With the boom kicker, which I've never used but I think it works like a boom vang, you're working with another element of sail trim and that's TWIST. When you crank on the boom vang you're closing the top 1/3 of the sail (flatening) and you're powering up the sail so the entire length is driving. When you ease the boom vang you're opening the top 1/3 and spilling air thus depowering the sail since only the bottom 2/3 is driving. Form your hand in a salute and turn your fingers to the right. You've just OPENED up the sail. Turn your fingers to the left and you've CLOSED it. I hate to have to use open and close but that's what it's called. I don't like using draft depth, draft position, angle of attack and twist but I'm stuck with those terms also.

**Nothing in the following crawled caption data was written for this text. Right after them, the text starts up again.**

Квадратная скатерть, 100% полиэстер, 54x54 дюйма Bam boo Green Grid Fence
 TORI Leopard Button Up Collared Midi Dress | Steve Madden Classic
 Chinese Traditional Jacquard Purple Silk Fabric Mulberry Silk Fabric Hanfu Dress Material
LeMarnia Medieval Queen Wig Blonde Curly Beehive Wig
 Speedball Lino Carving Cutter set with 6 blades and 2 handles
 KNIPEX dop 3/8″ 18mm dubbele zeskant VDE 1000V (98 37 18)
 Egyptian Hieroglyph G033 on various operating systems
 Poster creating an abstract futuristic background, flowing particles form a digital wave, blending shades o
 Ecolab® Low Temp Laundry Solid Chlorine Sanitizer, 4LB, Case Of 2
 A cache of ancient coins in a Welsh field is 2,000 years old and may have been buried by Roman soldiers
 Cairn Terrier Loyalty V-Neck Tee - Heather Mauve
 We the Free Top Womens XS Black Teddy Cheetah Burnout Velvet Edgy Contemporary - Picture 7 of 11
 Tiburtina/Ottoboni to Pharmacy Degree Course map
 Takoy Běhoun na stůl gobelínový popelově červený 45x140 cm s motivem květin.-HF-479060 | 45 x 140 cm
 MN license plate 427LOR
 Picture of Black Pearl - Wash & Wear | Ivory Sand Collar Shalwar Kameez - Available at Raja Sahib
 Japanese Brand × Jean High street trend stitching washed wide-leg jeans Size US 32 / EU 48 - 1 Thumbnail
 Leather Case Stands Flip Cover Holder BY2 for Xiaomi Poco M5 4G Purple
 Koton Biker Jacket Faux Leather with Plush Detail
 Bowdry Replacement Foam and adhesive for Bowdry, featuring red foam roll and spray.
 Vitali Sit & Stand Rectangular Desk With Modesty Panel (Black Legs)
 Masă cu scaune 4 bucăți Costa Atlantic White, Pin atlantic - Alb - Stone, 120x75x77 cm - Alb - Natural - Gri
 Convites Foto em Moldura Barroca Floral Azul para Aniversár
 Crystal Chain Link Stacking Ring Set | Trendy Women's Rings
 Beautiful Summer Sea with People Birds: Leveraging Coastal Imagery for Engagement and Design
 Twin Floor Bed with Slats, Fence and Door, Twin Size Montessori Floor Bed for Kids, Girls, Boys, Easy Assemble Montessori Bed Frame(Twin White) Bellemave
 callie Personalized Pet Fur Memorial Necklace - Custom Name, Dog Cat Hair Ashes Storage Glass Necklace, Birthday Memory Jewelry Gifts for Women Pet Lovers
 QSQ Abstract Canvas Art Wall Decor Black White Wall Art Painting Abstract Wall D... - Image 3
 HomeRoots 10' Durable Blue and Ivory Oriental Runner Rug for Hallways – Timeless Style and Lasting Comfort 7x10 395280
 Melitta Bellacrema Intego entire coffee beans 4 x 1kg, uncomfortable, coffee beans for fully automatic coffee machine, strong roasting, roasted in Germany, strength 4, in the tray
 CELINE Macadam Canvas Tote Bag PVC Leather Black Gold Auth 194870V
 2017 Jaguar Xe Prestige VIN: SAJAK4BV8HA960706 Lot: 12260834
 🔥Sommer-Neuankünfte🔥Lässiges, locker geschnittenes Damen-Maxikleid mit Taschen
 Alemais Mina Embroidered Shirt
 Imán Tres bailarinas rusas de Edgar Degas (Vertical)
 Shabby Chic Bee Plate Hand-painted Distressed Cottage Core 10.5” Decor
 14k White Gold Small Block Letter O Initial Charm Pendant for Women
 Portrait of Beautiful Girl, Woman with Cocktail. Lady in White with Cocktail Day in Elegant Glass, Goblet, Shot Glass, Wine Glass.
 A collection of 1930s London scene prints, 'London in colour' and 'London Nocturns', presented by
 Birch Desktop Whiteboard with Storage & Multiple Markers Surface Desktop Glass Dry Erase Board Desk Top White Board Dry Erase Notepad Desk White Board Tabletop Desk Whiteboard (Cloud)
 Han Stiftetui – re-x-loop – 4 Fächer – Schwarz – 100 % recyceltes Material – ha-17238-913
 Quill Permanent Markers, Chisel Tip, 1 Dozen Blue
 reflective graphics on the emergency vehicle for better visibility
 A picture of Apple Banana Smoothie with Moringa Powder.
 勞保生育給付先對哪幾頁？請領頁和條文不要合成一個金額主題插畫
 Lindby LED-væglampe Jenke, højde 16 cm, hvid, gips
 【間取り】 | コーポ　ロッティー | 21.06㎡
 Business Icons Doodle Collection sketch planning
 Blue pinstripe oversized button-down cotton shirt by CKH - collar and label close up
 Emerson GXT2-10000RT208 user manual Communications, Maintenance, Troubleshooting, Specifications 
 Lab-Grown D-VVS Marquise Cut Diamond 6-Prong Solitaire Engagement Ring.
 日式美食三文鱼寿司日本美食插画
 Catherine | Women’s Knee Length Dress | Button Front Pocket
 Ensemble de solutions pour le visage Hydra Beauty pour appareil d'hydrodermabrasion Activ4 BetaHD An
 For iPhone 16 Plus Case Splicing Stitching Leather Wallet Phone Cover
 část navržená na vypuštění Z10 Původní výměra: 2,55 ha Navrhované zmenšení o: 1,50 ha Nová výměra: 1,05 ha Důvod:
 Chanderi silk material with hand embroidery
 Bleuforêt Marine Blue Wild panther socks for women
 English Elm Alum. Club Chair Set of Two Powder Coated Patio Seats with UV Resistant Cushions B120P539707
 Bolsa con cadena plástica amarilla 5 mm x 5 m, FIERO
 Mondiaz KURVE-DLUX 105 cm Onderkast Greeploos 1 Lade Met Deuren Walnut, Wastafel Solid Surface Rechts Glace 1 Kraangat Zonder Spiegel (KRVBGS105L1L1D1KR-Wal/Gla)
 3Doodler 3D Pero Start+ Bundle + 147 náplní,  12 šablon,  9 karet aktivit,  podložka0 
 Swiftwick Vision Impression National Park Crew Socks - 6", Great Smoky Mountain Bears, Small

All the sail trim controls for the main and jib work together adjusting 4 elements (draft depth, draft position, twist and angle of attack) and a mate has to know which controls adjust what elements, how they relate to each other or they end up working against each other. I used the analogy yesterday of jambing a sport car shift in second and flooring the accelerator and then pulling up the emergancy brake. If you start to induce draft depth and power up the sails and then twist the sails off and spill power, you're the guy driving the sports car!! I know your not but I couldn't resist.
Does every beginner to intermediate reading this thread understand what is ment by say 25% draft depth or 50% draft position because I'm stuck with those percentages also? If not, sing out and I'll explain it.